B. Protected Activity
We must first decide whether the challenged claims arise from acts in furtherance of Pacific’s right of free speech or right of petition under one of the categories set forth in section 425.16, subdivision (e). In doing so, “[w]e examine the principal thrust or gravamen of a plaintiff’s cause of action to determine whether the anti-SLAPP statute applies . . . .” (Ramona Unified School Dist. v. Tsiknas (2005) 135 Cal.App.4th 510, 519-520.) “A defendant who files a special motion to strike bears the initial burden of demonstrating that the challenged cause of action arises from protected activity.” (Peregrine Funding, Inc. v. Sheppard Mullin Richter & Hampton LLP (2005) 133 Cal.App.4th 658, 669.) “In deciding whether the ‘arising from’ requirement is met, a court considers ‘the pleadings, and supporting and opposing affidavits stating the facts upon which the liability or defense is based.’” (City of Cotati v. Cashman (2002) 29 Cal.4th 69, 79.)

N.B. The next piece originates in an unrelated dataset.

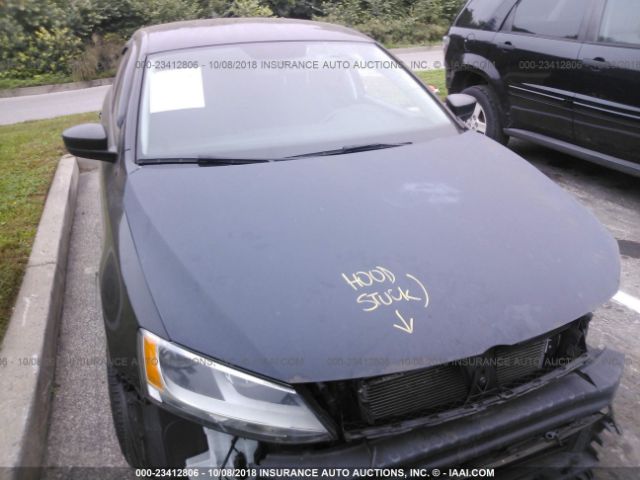 3VWD17AJ9FM215006 Volkswagen Jetta 1.8t Se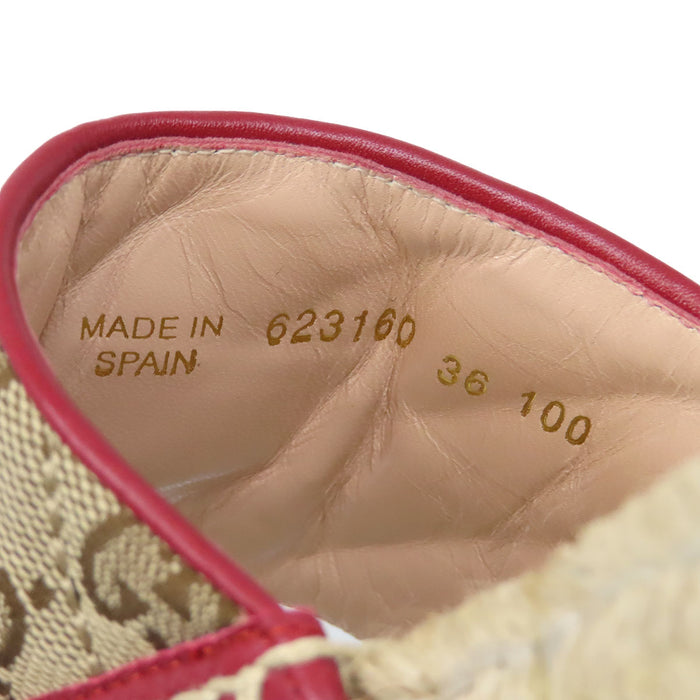 GUCCI 
Sandales plateforme en cuir avec logo et métal couleur or 
Espadrilles GG toile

“We assess the principal thrust by identifying ‘[t]he allegedly wrongful and injury-producing conduct . . . that provides the foundation for the claim.’” (Hylton v. Frank E. Rogozienski, Inc. (2009) 177 Cal.App.4th 1264, 1272.) We keep in mind that “[i]n the anti-SLAPP context, the critical consideration is whether the cause of action is based on the defendant’s protected free speech or petitioning activity.” (Navellier, supra, 29 Cal.4th at p. 89.) “The mere fact that a lawsuit was filed after the defendant engaged in protected activity does not establish the complaint ‘arose from’ protected activity under the statute because a cause of action may be triggered by protected activity without arising from it.” (Ben-Shahar v. Pickart (2014) 231 Cal.App.4th 1043, 1051.)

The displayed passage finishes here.